Magic bytes
Magic Bytes is a javascript library analyzing the first bytes of a file to tell you its type. The procedure
is based on https://en.wikipedia.org/wiki/List_of_file_signatures.
Installation
Run npm install magic-bytes.js
Usage
On server:
import filetype from 'magic-bytes.js'
filetype(fs.readFileSync("myimage.png"))
Using HTML:
<input type="file" id="file" />
<script src="node_modules/magic-bytes.js/dist/browser.js" type="application/javascript"></script>
<script>
document.getElementById("file").addEventListener('change', (event, x) => {
const fileReader = new FileReader();
fileReader.onloadend = (f) => {
const bytes = new Uint8Array(f.target.result);
console.log("Possible filetypes: " + filetypeinfo(bytes))
}
fileReader.readAsArrayBuffer(event.target.files[0])
})
</script>
API
The following functions are availble:
filetypeinfo(bytes: number[])
Contains typeinformation like name, extension and mime type: [{typename: "zip"}, {typename: "jar"}]
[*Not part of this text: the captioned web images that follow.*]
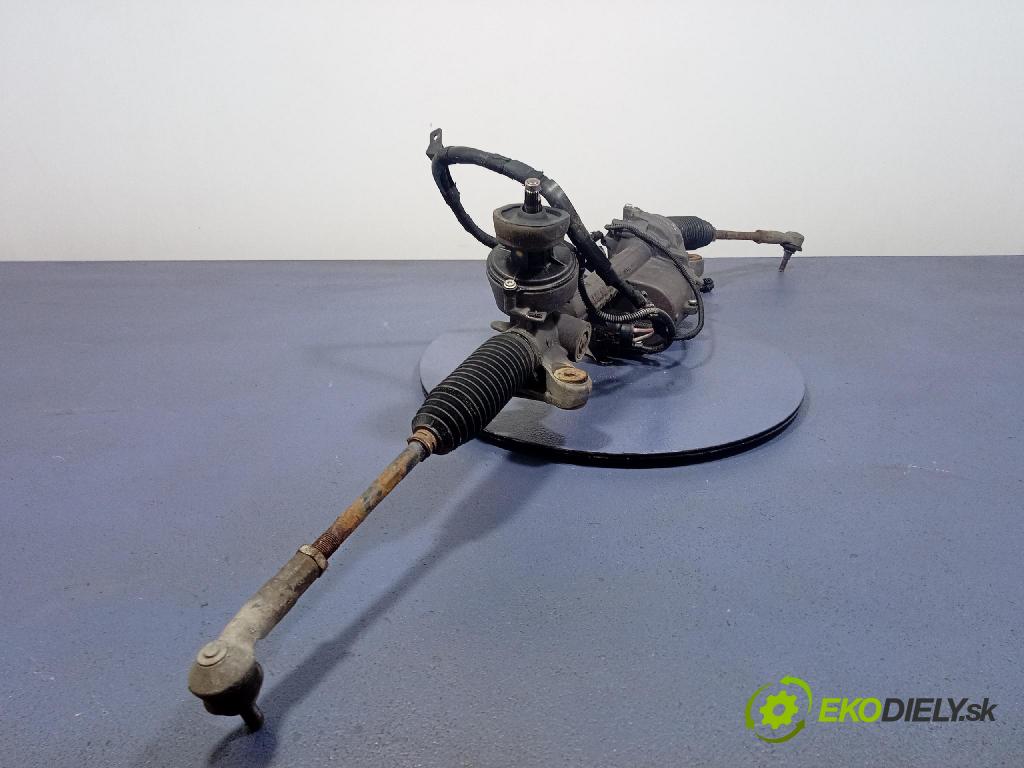 Vw Passat 2009 Ozubené kolo: volant 3C1423050H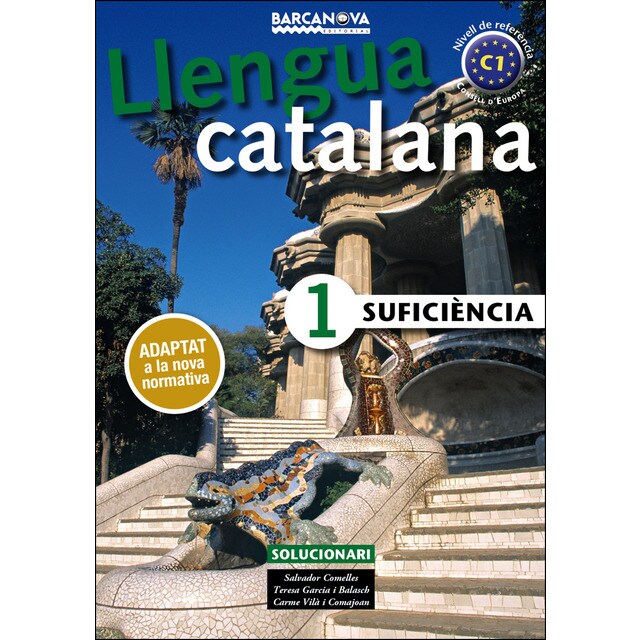 Suficiència 1. Solucionari.pdf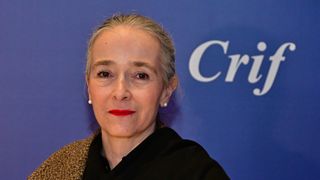 "Un effort supplémentaire" : Sébastien Lecornu demande à ce que France Télévisions "fasse preuve d’une attention particulière dans la maîtrise de ses frais de fonctionnement"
filetypenames(bytes: number[])
: Contains type names only: ["zip", "jar"]
filetypemime(bytes: number[])
: Contains type mime types only: ["application/zip", "application/jar"]
filetypeextensions(bytes: number[])
: Contains type extensions only: ["zip", "jar"]
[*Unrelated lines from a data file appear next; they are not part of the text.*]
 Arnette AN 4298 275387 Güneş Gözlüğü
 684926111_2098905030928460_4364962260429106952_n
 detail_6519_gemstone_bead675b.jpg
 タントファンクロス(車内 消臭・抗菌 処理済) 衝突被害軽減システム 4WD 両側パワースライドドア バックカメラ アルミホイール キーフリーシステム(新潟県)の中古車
Both function return an empty array []
otherwise, which means it could not detect the file signature. Keep in mind that
txt files for example fall in this category.
You don't have to load the whole file in memory. For validating a file uploaded to S3 using Lambda for example, it may be
enough to load the files first 100 bytes and validate against them. This is especially useful for big files.
see examples for practical usage.
Tests
Run npm test
Example
See examples/
How does it work
The create-snapshot.js
creates a new tree. The tree has a similar shape to the following
{
"0x47": {
"0x49": {
"0x46": {
"0x38": {
"0x37": {
"0x61": {
"matches": [
{
"typename": "gif",
"mime": "image/gif",
"extension": "gif"
}
]
}
},
}
}
}
}
}
It acts as a giant lookup map for the given byte signatures. To check all available entries, have a look at pattern-tree.js
and its
generated pattern-tree.snapshot
, which acts as a static resource.
Supported types
Please refer to src/pattern-tree.js
Roadmap
- Specialize type detection(like zip) using offset-subtrees
- Add encoding detection